What happens when Adler and Ross steal your idea? You go to the Soviet Union, perhaps under penalty of death, and write musicals there. That, in a nutshell, sums up Iron Curtain, Stephen Weiner, Peter Mills and Susan DiLallo’s deliriously entertaining musical from the mid-2000s, now being revived at Baruch Performing Arts Center in a production once again directed by Cara Reichel for Prospect Theater Company.

Howard Katz and Murray Finkel have just blown an audition with a major producer. As it turns out, another team beat them to a musical version of The Year The Yankees Lost The Pennant. Damn Yankees is on the fast track for production, while Katz and Finkel’s "Faust Ball" will never see the light of day. Down on their luck, they answer an unmarked ad in Variety looking for songwriters to help doctor a new musical. Next thing they know, they’re bound and gagged and shipped to the Soviet Union, to begin work on a show for The Ministry of Musical Persuasion—literally under the gun.
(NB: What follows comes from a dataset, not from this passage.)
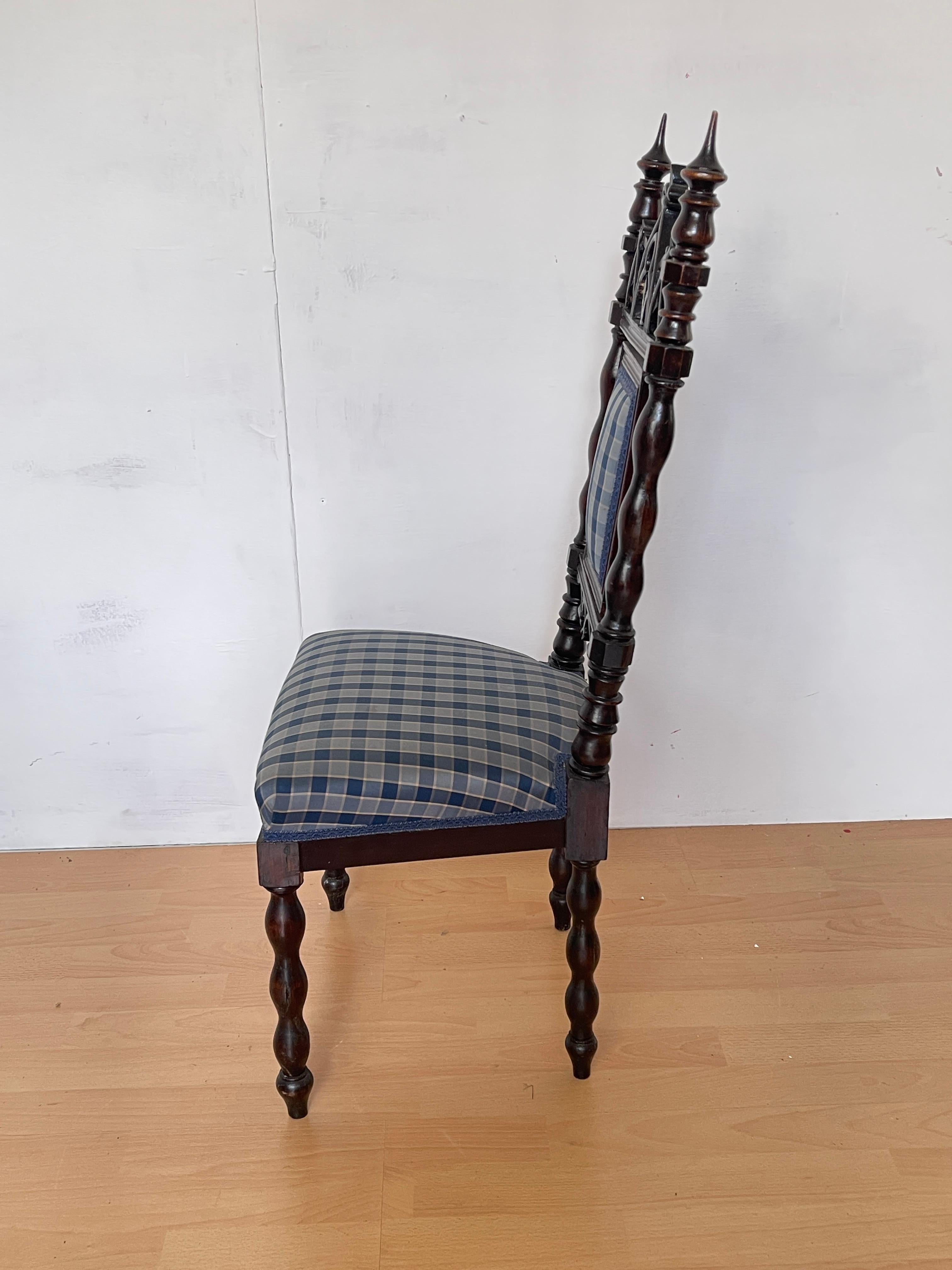 Paire de petites chaises classiques en bois sculpté avec tapisserie à carreaux en vente 2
It’s always thrilling when a team manages to successfully emulate that which they’re parodying, and Weiner, Mills and DiLallo do a mighty fine job of capturing the Golden Age style (down to their ending, where all of the major plot twists and turns are resolved in a matter of seconds.) DiLallo’s book captures the screwball nature of musicals like A Funny Thing Happened on the Way to the Forum, with a clever and seemingly endless succession of one-liners and name gags. (Katz and Finkel are told their hotel will be like living in the lap of luxury. It’s called the Lapov Luxury.) Weiner (music) and Mills’ (lyrics) score is simple, hummable, pretty and complete with a dizzying assortment of terrifically unconventional rhymes.

The dynamite cast of 15 is led by David Perlman as the sweetly naïve Murray and Todd Alan Johnson as the dour Howard. They’re joined by Jenn Gambatese as Murray’s love interest Masha Patrovna Haylukmiova (read it out loud), Maria Couch as Howard’s love interest Shirley Dooley, Aaron Ramey as a menacing KGB agent, Gordon Stanley as the Russian theatrical producer Onanov (read it out loud), and Bobbi Kotula as a whip-snapping German director. The hardworking ensemble makes Christine O’Grady’s energetic choreography look simple.

Reichel and her design team—Brian Prather on sets, Sidney Shannon on costumes and Doug Harry on lighting—use the space to their full advantage, and don’t skimp out on giving this big musical the  look it deserves. At two-and-a-half hours, it’s a bit too long, but that can be forgiven. Iron Curtain is further proof that the two most glorious words in the English language are, in fact, Musical Comedy.